WORK ITEM:
Your response must be made up of each line in the data below that contains the string "Certified".

DATA EXCERPTS:
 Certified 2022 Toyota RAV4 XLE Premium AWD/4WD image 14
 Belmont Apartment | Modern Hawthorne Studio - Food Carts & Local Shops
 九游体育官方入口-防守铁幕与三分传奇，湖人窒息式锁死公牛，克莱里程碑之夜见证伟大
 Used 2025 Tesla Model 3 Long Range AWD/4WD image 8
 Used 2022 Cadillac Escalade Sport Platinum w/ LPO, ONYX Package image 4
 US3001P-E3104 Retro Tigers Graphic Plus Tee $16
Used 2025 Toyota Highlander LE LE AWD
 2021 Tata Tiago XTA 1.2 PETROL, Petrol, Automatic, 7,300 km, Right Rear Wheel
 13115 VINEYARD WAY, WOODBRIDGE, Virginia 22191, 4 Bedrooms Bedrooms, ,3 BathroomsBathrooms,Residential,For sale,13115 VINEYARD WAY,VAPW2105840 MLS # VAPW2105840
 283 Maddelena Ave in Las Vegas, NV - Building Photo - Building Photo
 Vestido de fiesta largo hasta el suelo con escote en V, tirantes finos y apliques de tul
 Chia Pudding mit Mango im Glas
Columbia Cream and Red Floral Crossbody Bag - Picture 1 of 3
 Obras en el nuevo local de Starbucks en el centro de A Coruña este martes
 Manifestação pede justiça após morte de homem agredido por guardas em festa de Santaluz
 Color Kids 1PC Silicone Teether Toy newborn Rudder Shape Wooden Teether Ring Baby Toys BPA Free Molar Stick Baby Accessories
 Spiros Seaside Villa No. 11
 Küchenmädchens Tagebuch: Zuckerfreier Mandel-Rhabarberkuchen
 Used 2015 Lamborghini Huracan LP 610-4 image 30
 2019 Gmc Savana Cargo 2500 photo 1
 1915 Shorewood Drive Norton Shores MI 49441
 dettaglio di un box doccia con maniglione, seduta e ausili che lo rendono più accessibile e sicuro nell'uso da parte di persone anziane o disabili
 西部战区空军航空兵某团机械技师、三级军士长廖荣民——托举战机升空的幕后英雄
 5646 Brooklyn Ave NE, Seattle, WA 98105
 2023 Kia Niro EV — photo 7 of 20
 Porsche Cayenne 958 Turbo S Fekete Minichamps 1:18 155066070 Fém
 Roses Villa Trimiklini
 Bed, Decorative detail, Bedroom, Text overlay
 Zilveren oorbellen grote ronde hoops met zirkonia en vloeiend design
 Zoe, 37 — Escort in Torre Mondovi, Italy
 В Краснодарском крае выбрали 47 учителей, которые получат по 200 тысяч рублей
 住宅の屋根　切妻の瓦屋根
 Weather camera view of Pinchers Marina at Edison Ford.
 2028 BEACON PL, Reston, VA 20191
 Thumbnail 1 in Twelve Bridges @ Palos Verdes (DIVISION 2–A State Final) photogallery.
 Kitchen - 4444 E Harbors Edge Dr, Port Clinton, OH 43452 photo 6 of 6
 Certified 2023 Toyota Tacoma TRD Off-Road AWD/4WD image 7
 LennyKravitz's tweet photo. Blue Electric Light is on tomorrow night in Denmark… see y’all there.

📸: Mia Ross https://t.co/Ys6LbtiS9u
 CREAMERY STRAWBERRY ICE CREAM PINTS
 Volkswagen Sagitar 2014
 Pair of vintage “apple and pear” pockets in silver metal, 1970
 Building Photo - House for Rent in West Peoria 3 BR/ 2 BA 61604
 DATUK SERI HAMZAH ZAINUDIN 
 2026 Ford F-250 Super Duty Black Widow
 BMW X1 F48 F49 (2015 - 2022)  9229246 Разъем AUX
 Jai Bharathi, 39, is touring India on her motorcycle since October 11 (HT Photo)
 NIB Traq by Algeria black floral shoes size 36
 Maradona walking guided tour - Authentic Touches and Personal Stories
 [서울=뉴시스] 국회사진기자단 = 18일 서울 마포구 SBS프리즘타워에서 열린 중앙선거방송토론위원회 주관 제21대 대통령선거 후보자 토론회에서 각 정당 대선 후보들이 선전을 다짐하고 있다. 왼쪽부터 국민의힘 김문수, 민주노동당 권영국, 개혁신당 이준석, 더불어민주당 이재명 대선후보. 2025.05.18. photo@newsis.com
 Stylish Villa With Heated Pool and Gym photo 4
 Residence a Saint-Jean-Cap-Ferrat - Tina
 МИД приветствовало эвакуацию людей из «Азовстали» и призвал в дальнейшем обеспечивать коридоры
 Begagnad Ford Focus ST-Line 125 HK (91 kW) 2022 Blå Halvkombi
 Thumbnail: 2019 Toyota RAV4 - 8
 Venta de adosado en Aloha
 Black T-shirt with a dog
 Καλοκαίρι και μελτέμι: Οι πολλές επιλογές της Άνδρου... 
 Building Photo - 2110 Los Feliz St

TASK OUTPUT:
 Certified 2022 Toyota RAV4 XLE Premium AWD/4WD image 14
 Certified 2023 Toyota Tacoma TRD Off-Road AWD/4WD image 7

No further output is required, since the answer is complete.